Factoring, in one form or another, has been performed as a service for over one thousand years. This makes it one of the oldest forms of commercial financing. And, although the industry lacks the kind of visibility that the loan and leasing industries do, the industry does currently handle more than 50 billion dollars worth of receivable financing per year.

Factoring Defined
Factoring protects your business against customer credit losses while converting your accounts receivable to cash. Factoring is essentially a multi-faceted service that combines credit protection, A/R bookkeeping, collection services and financing.
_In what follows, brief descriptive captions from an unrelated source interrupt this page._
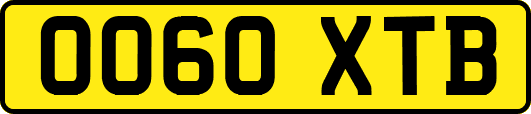 OO60XTB
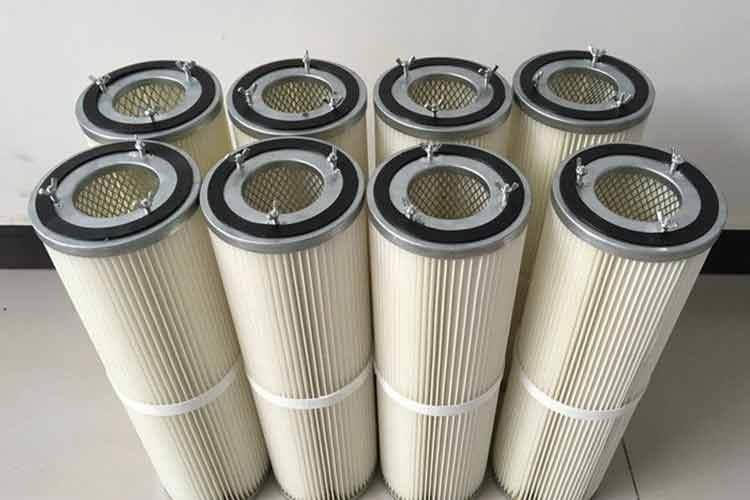 椭圆形中欧中国通常由端盖，骨架和滤材组成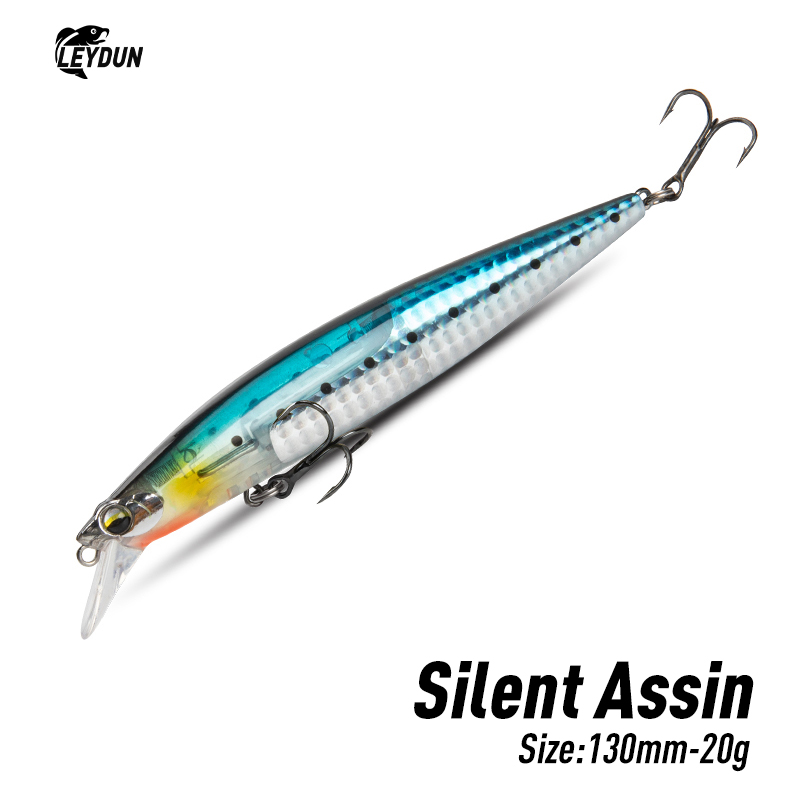 Воблеры LEYDUN для морской рыб – обзор и цена Fishing Lure Blade Bait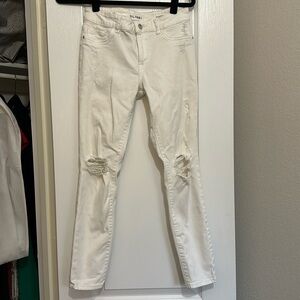 DL1961 Margaux instasculpt ankle skinny Jean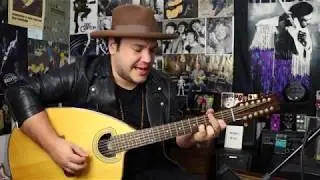 Pedro - Dead as Yesterday (Zakk Wylde cover)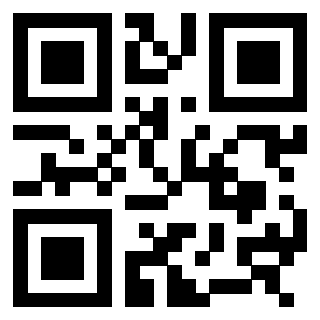 Immagine del QrCode di 3308174053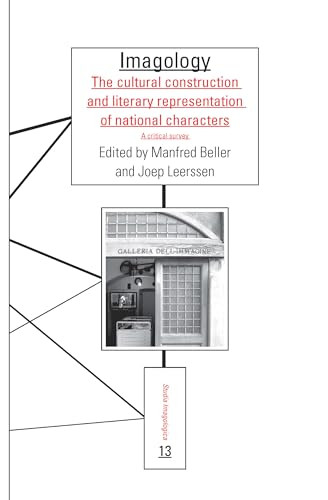 Imagology (The cultural construction and literary representation of national characters. A critical survey) by Manfred Beller, Joep Leerssen, 9789042023185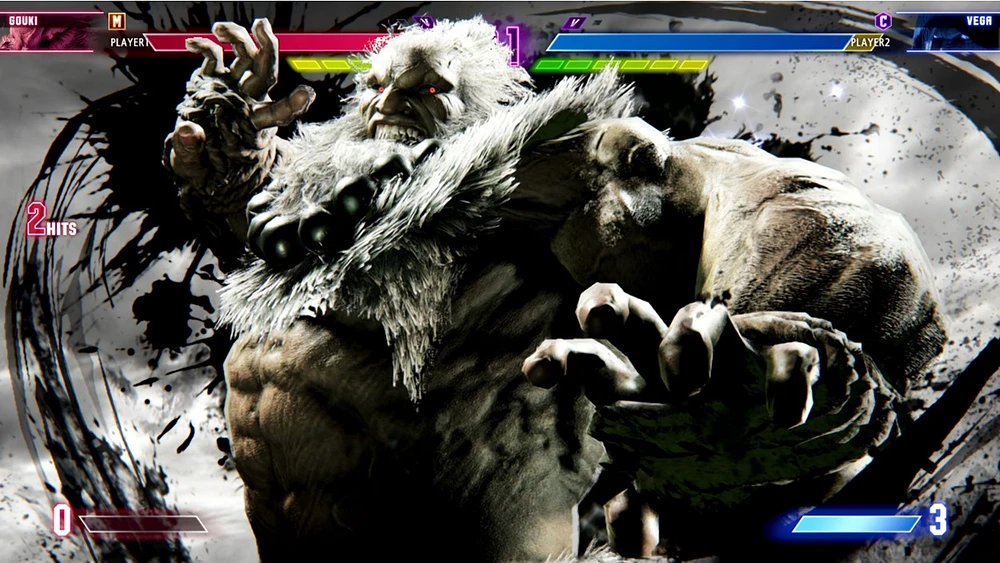 Street Fighter 6 Year 1-2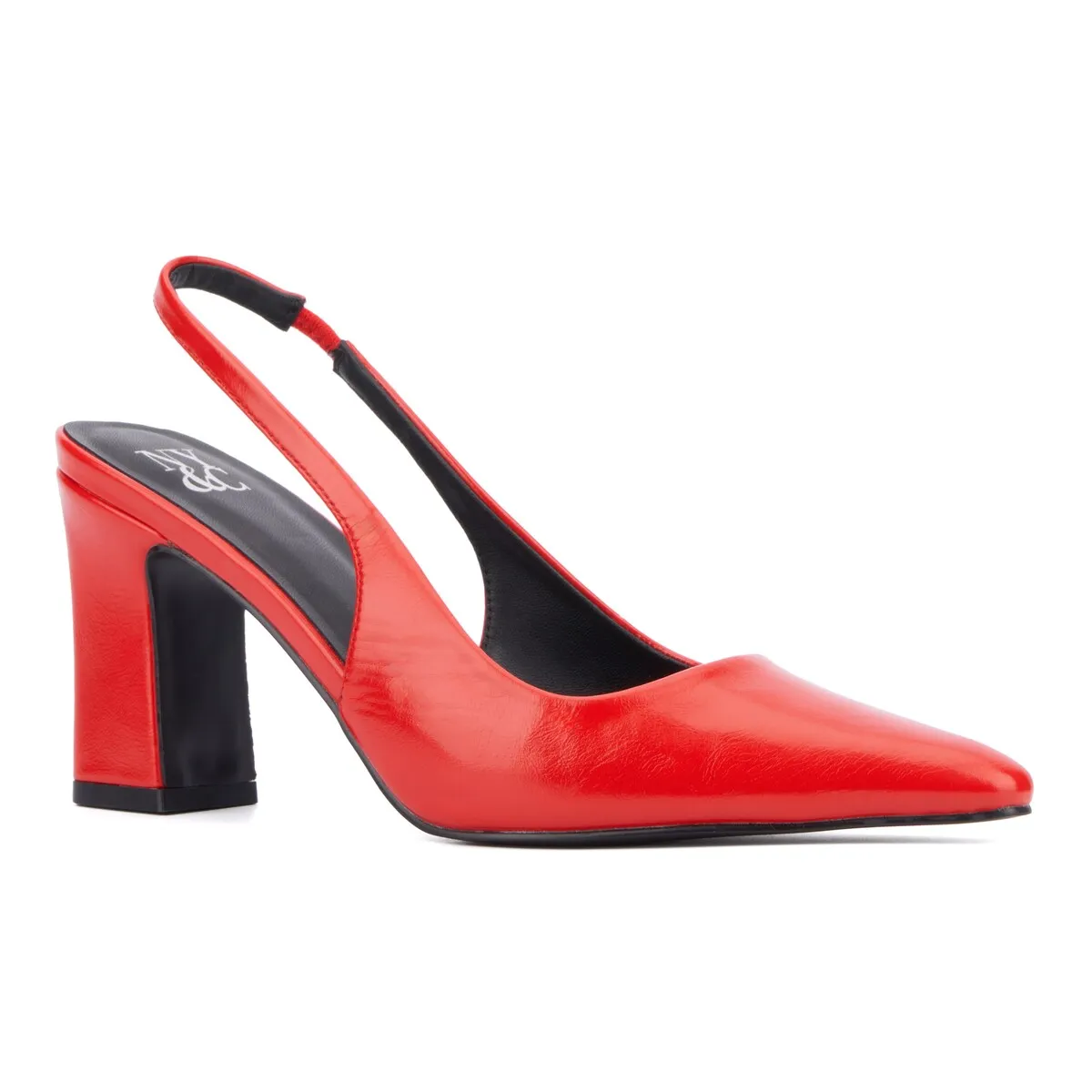 New York & Company Women's Theresa Slingback Heels sold by Zulily product image thumbnail 3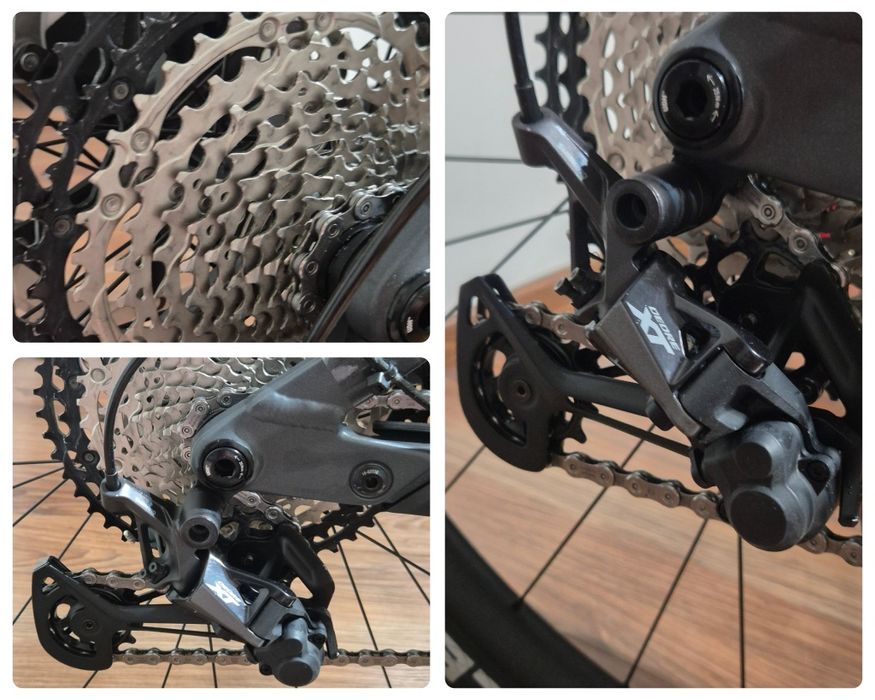 CUBE STEREO Hybrid HPC 140 TM 750 29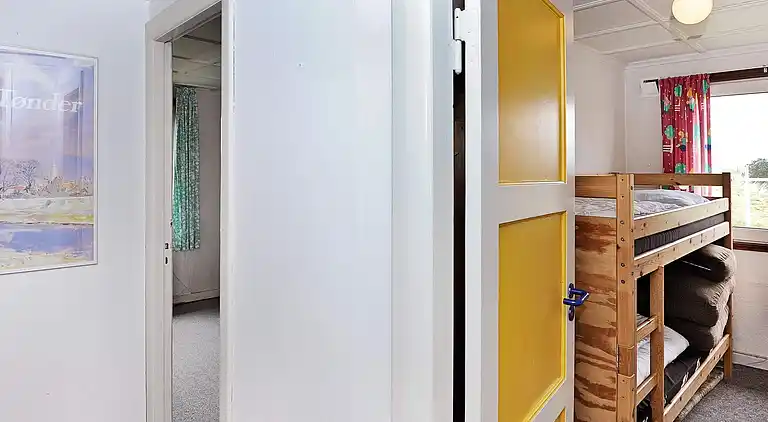 Sommerhus ved Rindby Strand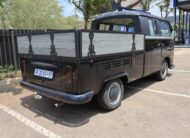 1977 Volkswagen Crewcab Kombi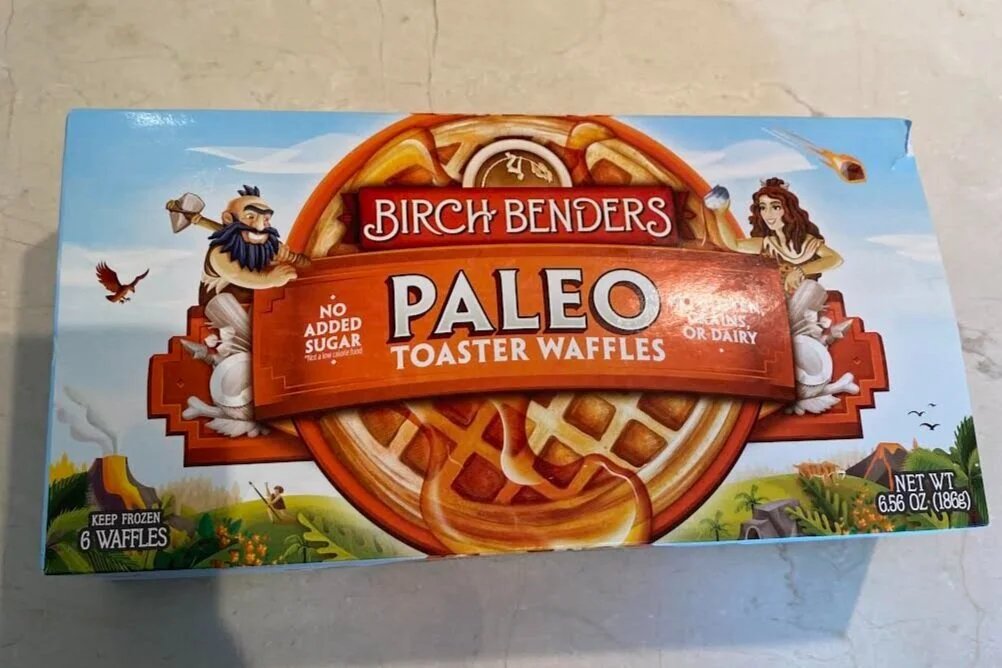 I love these for breakfast or a snack. Even when my fridge is stocked, I still eat them. Put some nut butter on there and you are good to go!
When companies factor with Factoring Associates, we purchase their accounts receivable without recourse and assume responsibility for their customers' financial ability to pay. In effect, we extend credit to their customers, collect from them, and perform the necessary bookkeeping functions for their transactions. Factoring can be used by companies of all sizes, from startups to mature businesses. The core benefits of factoring includes improved cash flow, bad debt minimization, reduced operating expenses and greater working capital financing.

What Factoring Is Not
A key fact to remember is that factoring is not a loan. As a result, there is no "debt repayment", no balance sheet compromises, no long term agreements or the kind of delays that are associated with other methods of raising capital. Factoring allows you to use the cash your company is owed in receivables immediately, at a small fee.

Other Key Questions
Why Use Factoring?
Factoring vs. Loans
How will my customers perceive this service?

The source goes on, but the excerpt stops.